Adams Furniture - The Style And Its Motif
( Originally Published Early 1900's )
To realise the true style founded by Robert Adam, it is advisable to examine carefully examples of that style to be seen in museums and private collections. Most of his furniture was made of mahogany, carved and sometimes gilded in French style. Satin-wood also was used, relieved by urns and oval paterce. Sometimes his furniture was painted so as to harmonise with room decoration. In the more important pieces Wedgwood medallions were frequently introduced. His object throughout was to provide furniture in harmony with his style of house decoration; as in his architecture early classic Italian art influenced his design. French art also influenced some of his decorative work, especially that in which he introduced miniature paintings and plaques. Constructively, no doubt, Adam was indebted to Chippendale in his early works, but he soon deviated from the style or motif of existing furniture. It is said that Robert Adam shared Thomas Chippendale's preference for rich-toned Spanish Cuban mahogany. In his earlier works he seems to have been somewhat in-different to the coverings of his furniture, but later he designed special textile fabrics, and recommended them as being suitable for his own style.
To briefly refer to some of the characteristics of the Adam style as applied to furniture, it may be pointed out that Robert Adam was the first to make use of a splat of lyre form, a style of ornament which was much copied by Sheraton in later years. In Adam chairs, which are mostly of square form, small panels in the top row are noticeable. Griffins are sometimes introduced between the splat and the seat. There is also some low relief carving of classical designs. Classical figures form the supports of the roll back arms of chairs. Chair legs became round or square, tapering downwards, often fluted.
Robert Adam introduced a honeysuckle design, found on many pieces of furniture. Adam sideboards with pedestal cupboards surmounted by urns have already been referred to, and it is noteworthy that they were very appropriate to his style of architecture which frequently included suitable recesses, that suggested the use of a larger table than the older side or carrying tables which at one time sufficed. Cabinets were extensively designed, and some very beautiful inlaid commodes in which painted plaques were introduced are among the choicer specimens of Adam furniture.

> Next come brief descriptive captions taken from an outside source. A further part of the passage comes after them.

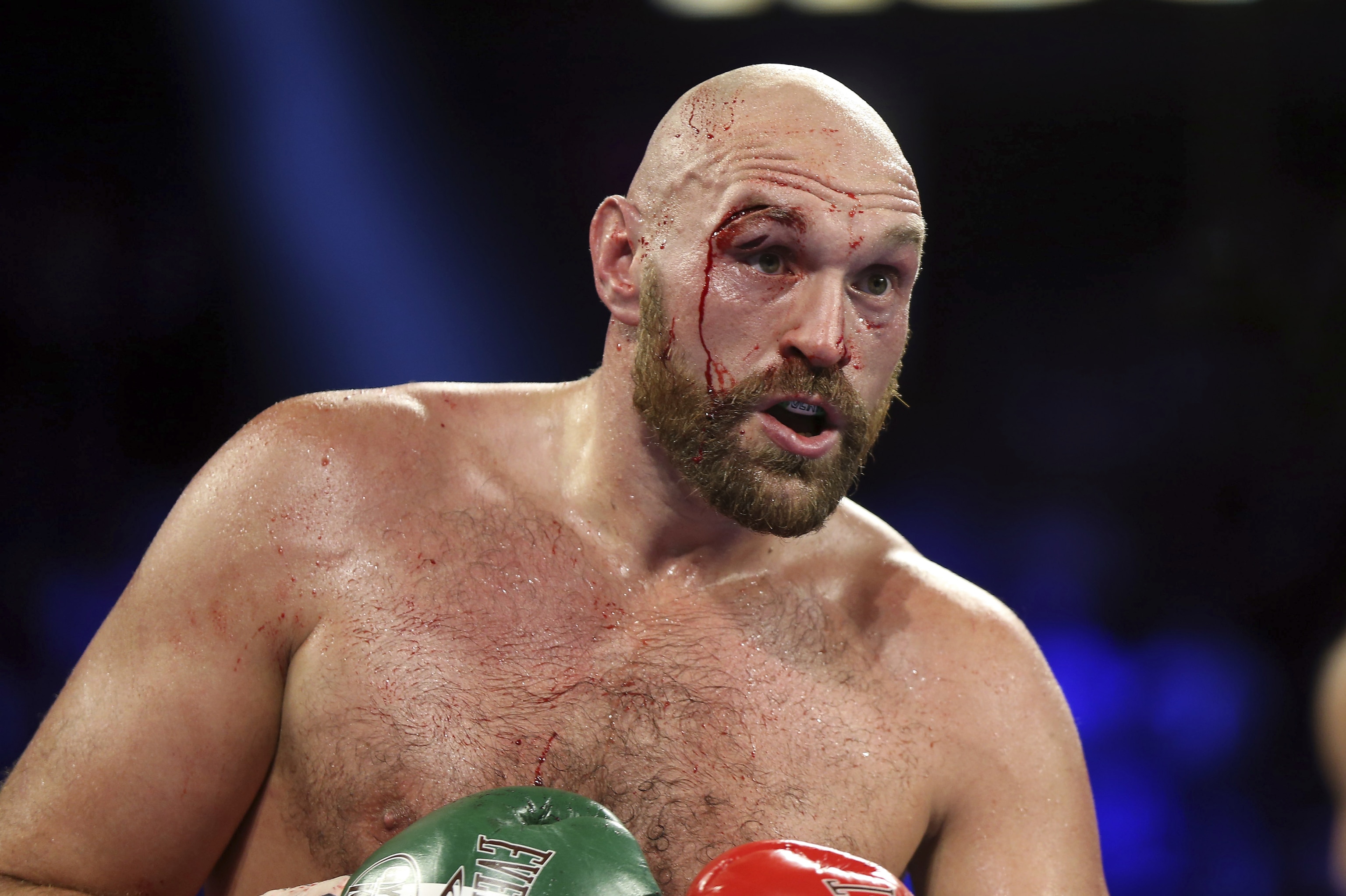 Tyson Fury Tyson Fury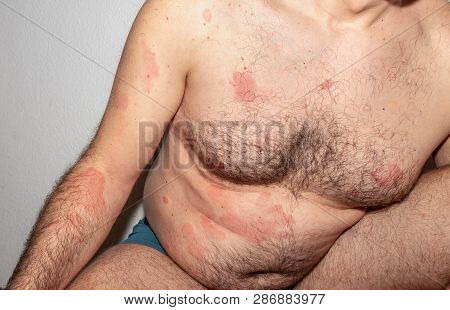 Histamine. Allergy. Reaction. Intolerance. Health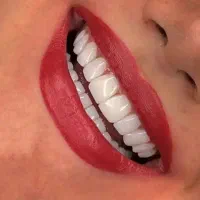کامپوزیت سرامیکی با ضمانت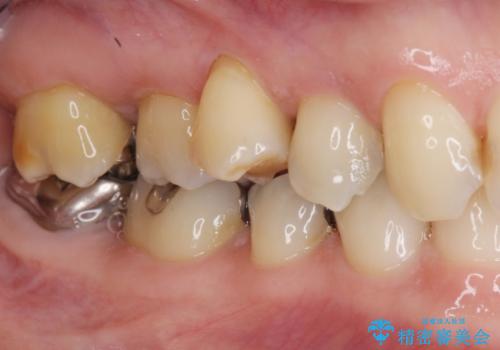 部分矯正を含む 歯周病治療 (再生治療・歯周ポケット除去・MTM・連結補綴)の治療前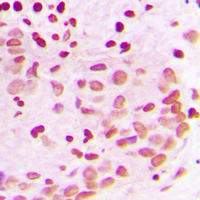 Rabbit anti-PML Polyclonal Antibody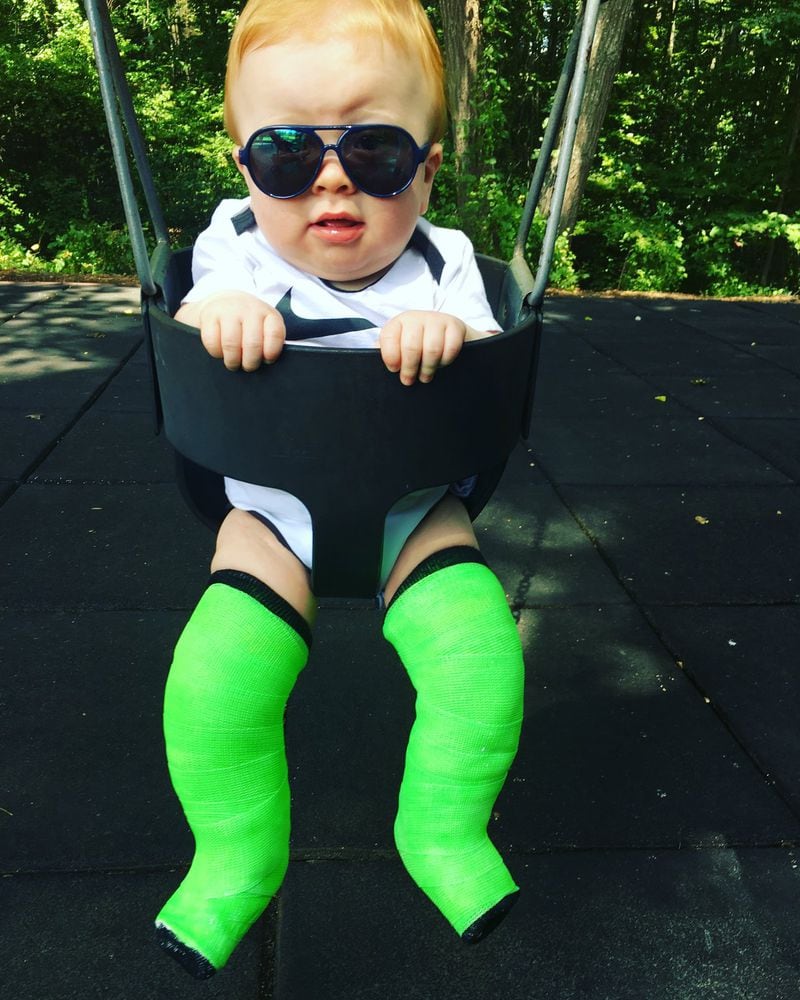Photo of Easton in a swing with his bright green casts in attempt to fix a foot deformity he was born with. He’s about 8 month old in this photo. CONTRIBUTED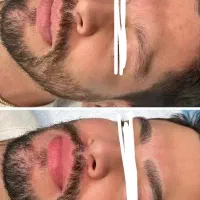 رفع نواقص ابرو و ریش در اقایان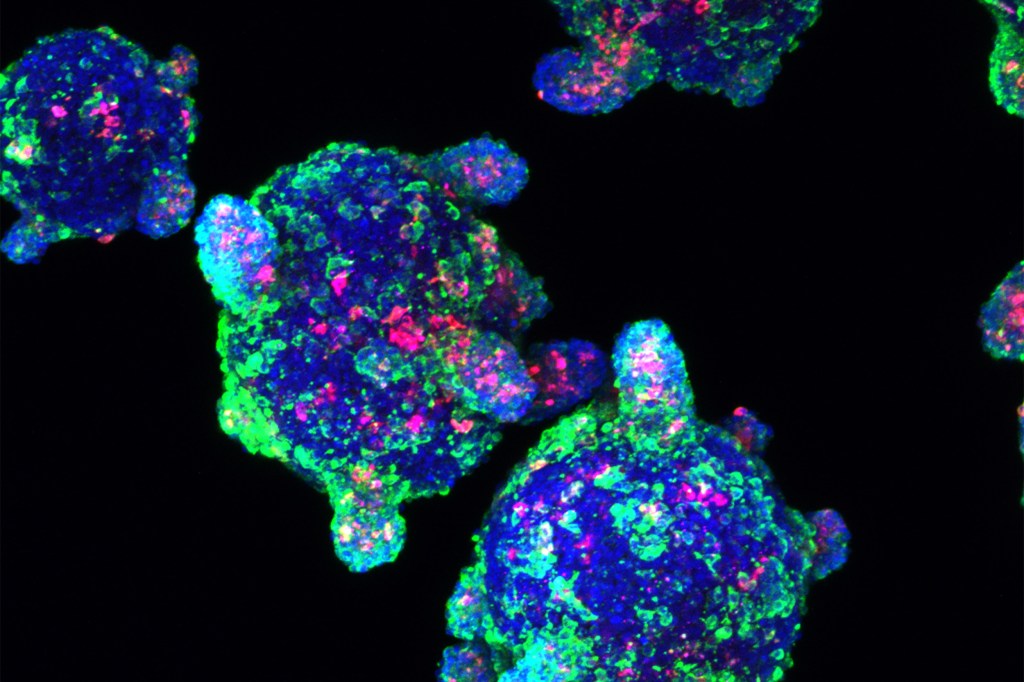 Beta cells made from stem cells, as seen under the microscope.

Another feature worthy of note is found in the sphinxes and classical figures which give the Adam style such characteristic decorative form. In addition to these commoner forms of furniture, Robert Adam paid much attention to fire-screens, clock-cases, bedsteads, mirror-frames, and organ-cases, and as time went on the style he propounded was applied to many smaller ornamental objects, for his main object seems to have been to provide the householder with furniture and household requisites of every kind in harmony with the home surroundings.
Fig. 50 illustrates the Adam influence in design upon a very handsome mahogany sideboard of the period 1795-1800. There are the beautiful fluted legs on square plinth feet, the oval ornament and handsome cellarets, the brass rail being suggestive of the style adopted generally in later years.
Fig. 51 is a settee of Adam design upholstered in crimson damask of the period. The chaste ornament of the legs and the central design in which an urn figures, are all characteristic of the scheme of decoration so often adopted by the Brothers Adam.
Many of the beds made at the time show traces of the Adam influence, the posts were well carved and fluted, and the lower portions decorative ; the hangings, too, being in keeping with the style then prevailing.